Observations and personal opinions from Nothing Research Partner 0x_Todd. The following content does not constitute any investment advice.
Today, while researching L2, I found that L2BEAT's standards are quite strict.
Among the top 10 L2s, there are not many that have reached Stage 1, and even those like Base, OP, and Unichain have been tagged; if they do not rectify within 53 days, they will drop back to Stage 0. Of course, they all use OP Stack, so being tagged together is normal.
Among the top 5, only Arbitrum remains strong, considered the backbone of Stage 1 in L2...
Vitalik originally proposed a three-step "auxiliary wheel" roadmap (Stage 0 → Stage 1 → Stage 2), but L2BEAT has transformed Vitalik's ideas into a concrete and measurable checklist (proof of usability, exit window, time lock, security committee design, etc.).
Specifically, what Stage an L2 is in ultimately depends on a core question: who can veto or change the state?
In Stage 0, the core team (or low-threshold multi-signature) can override the proof system.
In Stage 1, only a supermajority security committee (≥ 75% signatures) can overturn it; all others (including the core team) must go through the proof system.
In Stage 2, the proof system itself is the final arbiter; the security committee can only intervene to fix provable on-chain vulnerabilities.
Especially in Stage 1, L2BEAT has quantified the requirements:
≥8 members in the security committee, with at least half being external members
≥7 days of upgrade time lock ("exit window")
≥5 external validators
So I specifically looked into the current situation of Arbitrum's security committee. Besides the foundation members, there are also L2BEAT co-founder Bartek Kiepuszewski, and representatives from security or governance organizations like OpenZeppelin, Immunefi, Gauntlet, etc., totaling 12 members.
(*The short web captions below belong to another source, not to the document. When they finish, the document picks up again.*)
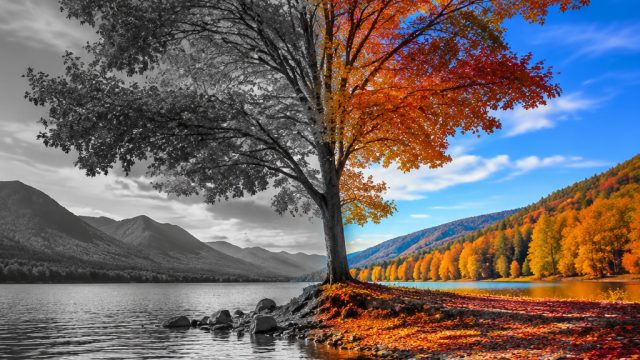The Evolution of Black and White Photography: Timeless Art in a Colorful World | sky77 alternatif, i
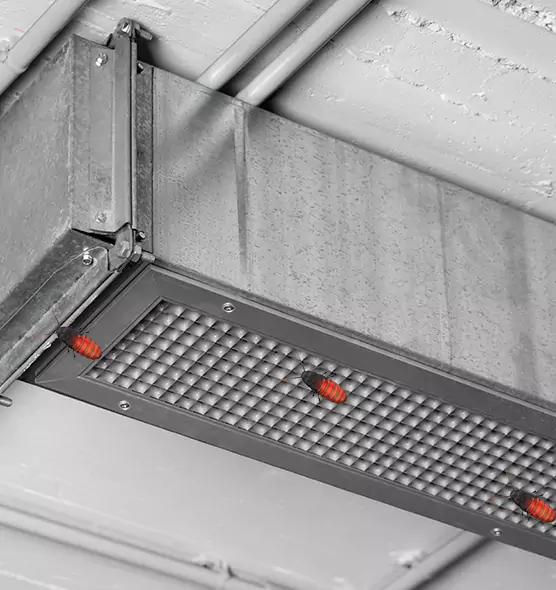 About Air Duct Cockroach Removal in College Station, TX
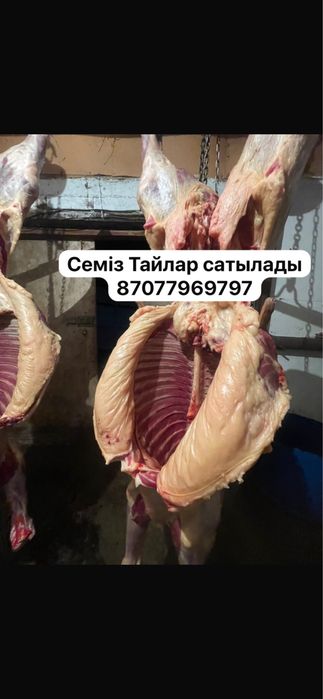 Семіз Тайлар сатылады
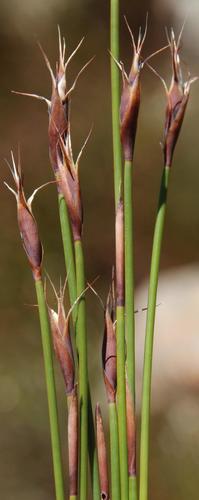 Cederberg fountainreed (Cannomois aristata)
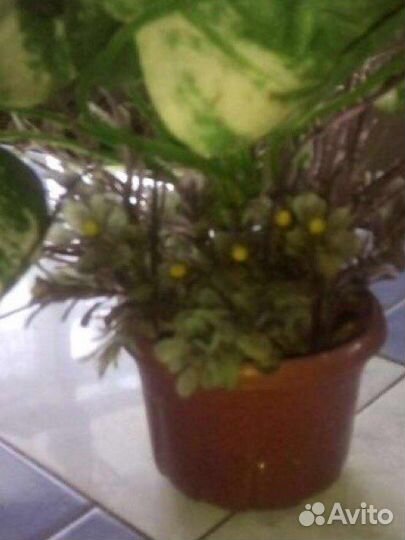 Цветок декоративный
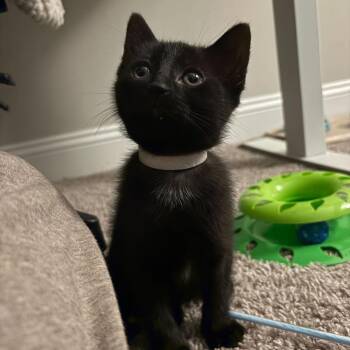 Oolong (Tea) -  Domestic Short Hair Cat for Adoption in Charlotte, North Carolina - Oolong (Tea) | PetCurious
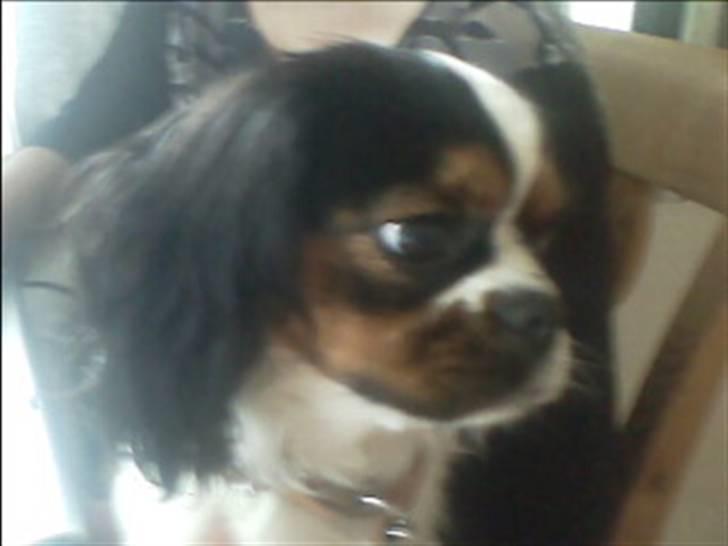 Cavalier king charles spaniel lady<33 - ja ja jeg ved godt at jeg er lækker=P billede 5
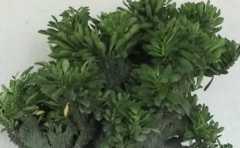 家裏化煞的植物有哪些 不到一百塊 輕鬆讓你解除煩惱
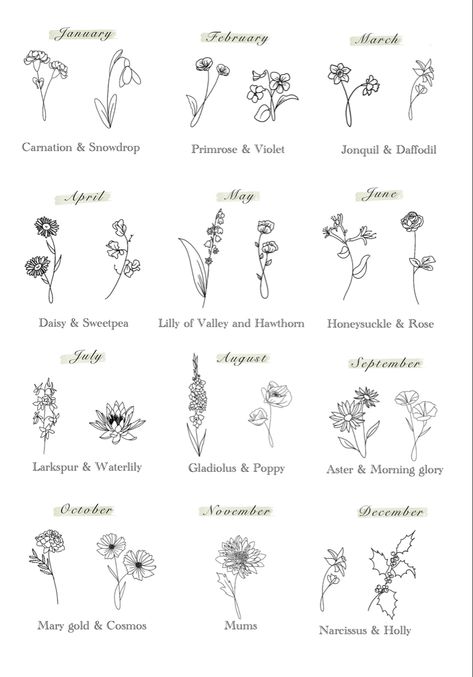 Fine line drawings of birth flowers January March August Birth Flower Tattoo, Birth Month Flower December, Birth Wildflower Tattoo, Birth Flowers Chart, November And June Flower Tattoo, Flowers Of Each Month, Fine Line December Birth Flower Tattoo, Flower For October Birth, Dec Birth Flower Tattoos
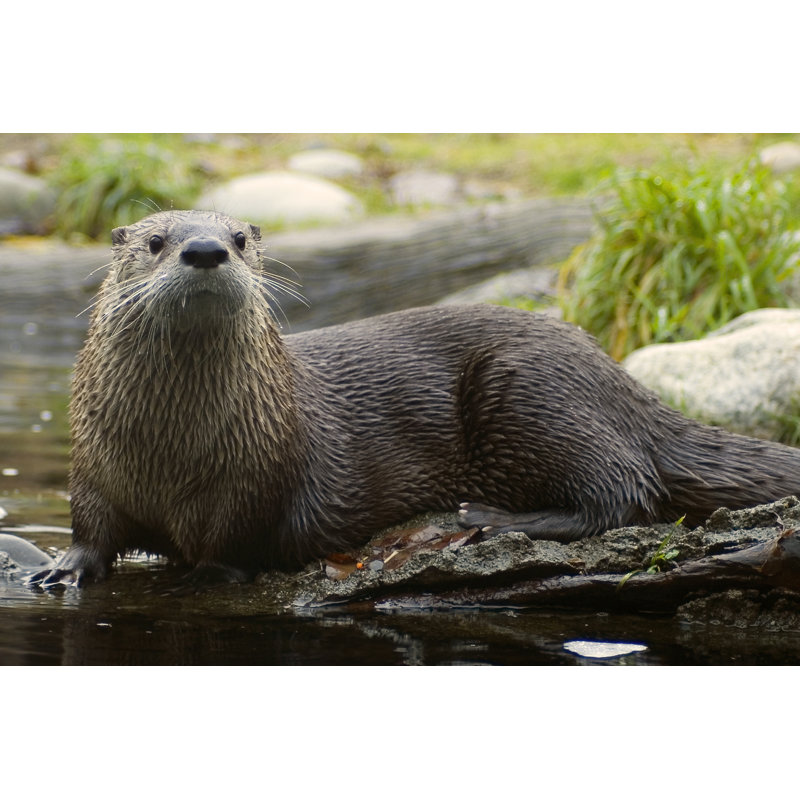 Otter by Wayazo - Wrapped Canvas Print, 30cm H x 46cm W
Normal upgrades are conducted via a 9/12 multi-signature. Then, the Arb committee divides the members into 6+6, with half being re-elected each year.
After Arb Bold (Bounded Liquidity Delay) officially launched in February this year, the contract now supports anyone staking to participate, submit/challenge assertions, which essentially completes the last task of Stage 1.
This is what makes Arbitrum one of the few true Stage 1 L2s.